▶ [INPUT DATA]:
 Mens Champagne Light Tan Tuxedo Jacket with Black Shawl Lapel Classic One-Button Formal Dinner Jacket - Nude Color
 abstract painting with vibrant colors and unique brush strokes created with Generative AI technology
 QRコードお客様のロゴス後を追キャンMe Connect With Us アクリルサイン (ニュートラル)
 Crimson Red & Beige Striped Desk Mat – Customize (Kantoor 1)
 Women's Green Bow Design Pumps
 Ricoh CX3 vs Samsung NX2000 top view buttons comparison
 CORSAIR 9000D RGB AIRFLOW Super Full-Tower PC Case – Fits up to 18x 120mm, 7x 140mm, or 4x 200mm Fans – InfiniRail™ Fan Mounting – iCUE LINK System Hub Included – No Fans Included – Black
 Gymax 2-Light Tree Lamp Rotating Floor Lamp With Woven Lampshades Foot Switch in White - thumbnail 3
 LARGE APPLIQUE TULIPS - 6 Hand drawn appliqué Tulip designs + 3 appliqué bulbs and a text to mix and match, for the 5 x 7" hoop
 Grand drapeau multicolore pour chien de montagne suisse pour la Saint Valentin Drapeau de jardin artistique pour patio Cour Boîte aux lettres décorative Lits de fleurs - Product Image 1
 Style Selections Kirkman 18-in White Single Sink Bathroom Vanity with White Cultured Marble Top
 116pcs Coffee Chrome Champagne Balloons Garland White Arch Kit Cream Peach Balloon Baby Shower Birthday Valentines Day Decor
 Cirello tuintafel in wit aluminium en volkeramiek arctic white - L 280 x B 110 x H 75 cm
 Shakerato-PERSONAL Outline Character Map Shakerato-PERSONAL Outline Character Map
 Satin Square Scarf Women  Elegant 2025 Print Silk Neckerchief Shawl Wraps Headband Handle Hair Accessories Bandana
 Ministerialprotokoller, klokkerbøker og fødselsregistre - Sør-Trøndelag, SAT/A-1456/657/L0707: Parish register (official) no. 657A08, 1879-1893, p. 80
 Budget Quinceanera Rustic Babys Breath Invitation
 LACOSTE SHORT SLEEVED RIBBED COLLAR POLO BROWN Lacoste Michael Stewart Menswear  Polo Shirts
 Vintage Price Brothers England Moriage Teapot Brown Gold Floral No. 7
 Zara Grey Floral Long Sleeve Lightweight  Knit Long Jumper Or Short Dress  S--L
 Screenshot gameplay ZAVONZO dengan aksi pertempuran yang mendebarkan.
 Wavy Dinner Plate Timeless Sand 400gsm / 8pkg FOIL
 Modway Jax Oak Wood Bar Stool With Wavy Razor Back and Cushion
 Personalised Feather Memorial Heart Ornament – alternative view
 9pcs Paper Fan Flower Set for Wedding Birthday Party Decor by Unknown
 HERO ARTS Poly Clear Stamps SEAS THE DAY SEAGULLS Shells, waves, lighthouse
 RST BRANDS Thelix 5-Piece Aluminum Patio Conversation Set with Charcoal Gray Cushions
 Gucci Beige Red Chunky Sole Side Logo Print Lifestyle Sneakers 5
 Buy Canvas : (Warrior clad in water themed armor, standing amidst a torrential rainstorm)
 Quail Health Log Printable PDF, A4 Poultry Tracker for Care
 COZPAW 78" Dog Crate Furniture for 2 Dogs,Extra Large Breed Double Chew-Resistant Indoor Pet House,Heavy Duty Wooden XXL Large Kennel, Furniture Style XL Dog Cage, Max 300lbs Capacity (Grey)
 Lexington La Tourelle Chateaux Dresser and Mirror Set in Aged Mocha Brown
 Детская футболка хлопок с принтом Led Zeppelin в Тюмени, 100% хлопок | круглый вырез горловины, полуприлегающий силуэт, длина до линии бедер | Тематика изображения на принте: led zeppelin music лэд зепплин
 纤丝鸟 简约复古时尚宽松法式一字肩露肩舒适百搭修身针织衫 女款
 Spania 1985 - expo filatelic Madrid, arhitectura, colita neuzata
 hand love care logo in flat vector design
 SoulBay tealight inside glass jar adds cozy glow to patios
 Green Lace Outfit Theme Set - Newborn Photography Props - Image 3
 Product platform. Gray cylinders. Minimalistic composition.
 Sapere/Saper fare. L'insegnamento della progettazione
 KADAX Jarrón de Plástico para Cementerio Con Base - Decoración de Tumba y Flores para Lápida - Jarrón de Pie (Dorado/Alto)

▶ [EXERCISE REQUIREMENTS]: Given the data above, transcribe exactly the lines from the one containing "Grand drapeau multicolore" down to the one containing "116pcs Coffee Chrome", and no others.

▶ [RESPONSE]:
 Grand drapeau multicolore pour chien de montagne suisse pour la Saint Valentin Drapeau de jardin artistique pour patio Cour Boîte aux lettres décorative Lits de fleurs - Product Image 1
 Style Selections Kirkman 18-in White Single Sink Bathroom Vanity with White Cultured Marble Top
 116pcs Coffee Chrome Champagne Balloons Garland White Arch Kit Cream Peach Balloon Baby Shower Birthday Valentines Day Decor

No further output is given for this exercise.